Another thing to note. Almost none of the literature on this stuff is not particularly trustworthy.
I would note Michael Harner as reliable and probably Thomas Szaz.
You guys let your emotions override things -- just like the libs. That's the problem.
You'll never accomplish anything that way.
Salem is recent enough that this need not be a mystery.
Ergot poisoning is not the basis for it.
I thank you and others for pointing out this new revisionist history. It is new.
This drug addled literature and little sub-culture has been around a long time and hasn't changed much. This ergot at Salem is a new one I hadn't seen.
I don't know where it came from or what it was based on or why you said it.
It was like you were having an imaginary conversation with some specter of your mind.
And why would calling someone a stoner be an ad hominum?
Seriously, I don't understand the post in question.
The crime committed by using marijuana is possession.
No, it isn't.
Welcome to Libloather's World of Justice.
Take some time to learn the law. Really cool stuff if you have the ability to comprehend...
No, it isn't.
This, however, is not amphiboly. Here you're just flat-out wrong.
No, you didn't, liar.
Here, the first place I looked, at dictionary.com, for anyone who wants to know what it means, and doesn't already. I should say that it doesn't surprise me that you don't know what it means, since it is a term from analytical logic.

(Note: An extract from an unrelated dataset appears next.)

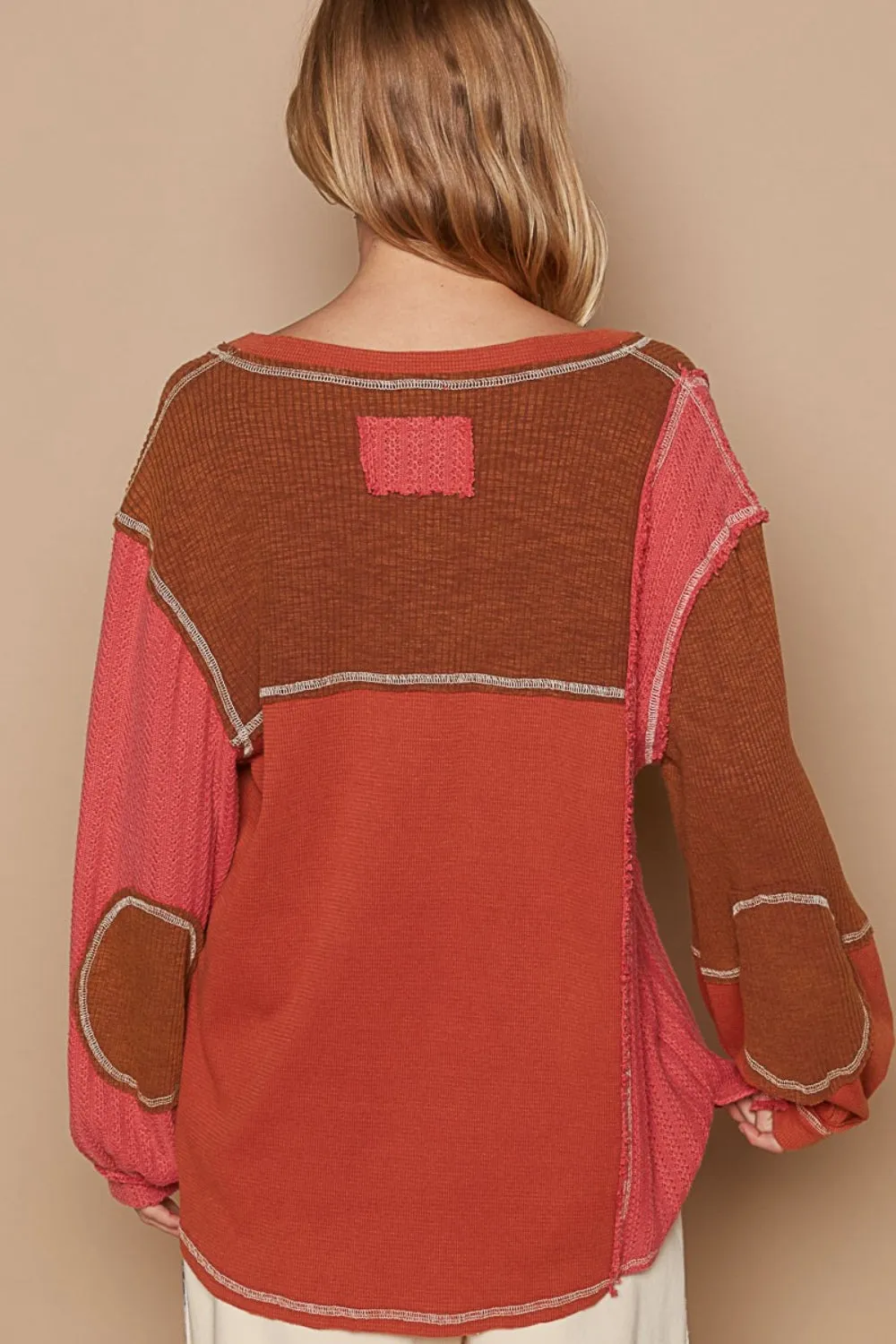 V-Neck Knit Panel Exposed Seam Top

As to the rest of it, you're obviously so unabashedly full of sh!t that there is no point continuing with you.
I have a funny feeling that I am not the first person who ever called you a liar, but -- you are a liar. People lie when the truth is their enemy.
Let the truth be your enema, @sshole.
Yet you can't name ONE person placed behind bars for using pot?
Your argument kinda disintegrates to smithereens - no?
Yet you STILL can't name ONE person placed behind bars for using pot?
Why do you even try?
Take it easy, dipstick. Calling folks names won't get you any friends around here.
Now, you wanna debate the dictionary - or how I drove your so-called opinion into the ground?
Well, now this is an altogether different matter, so I'll answer this question as well. Because anytime I participate on a message board, I assume that there are at least 10 lurkers for every commentator. I don't try to persuade those who are beyond persuasion; I simply address their inanities for those who may observe the exchange.
I have rather little doubt that - despite all evidence to the contrary - you will believe you've prevailed in this debate. In fact, I'd be disappointed since anything less than total self-confidence on your part, however inexplicable, would call my own judgment into question...
Okay.
I give up.
<sigh>
Are you making the point that possessing mj is against the law but smoking mj is not?
Or are you saying that no one is in prison for either possession or smoking?
I have no idea what point you are making with not being able to name anyone doing prison time for possession or smoking.
I don't think I could name anyone doing time for assault, burglary, rape, car theft, drugs, or trespassing at a Houston K-Mart. What does that prove or disprove?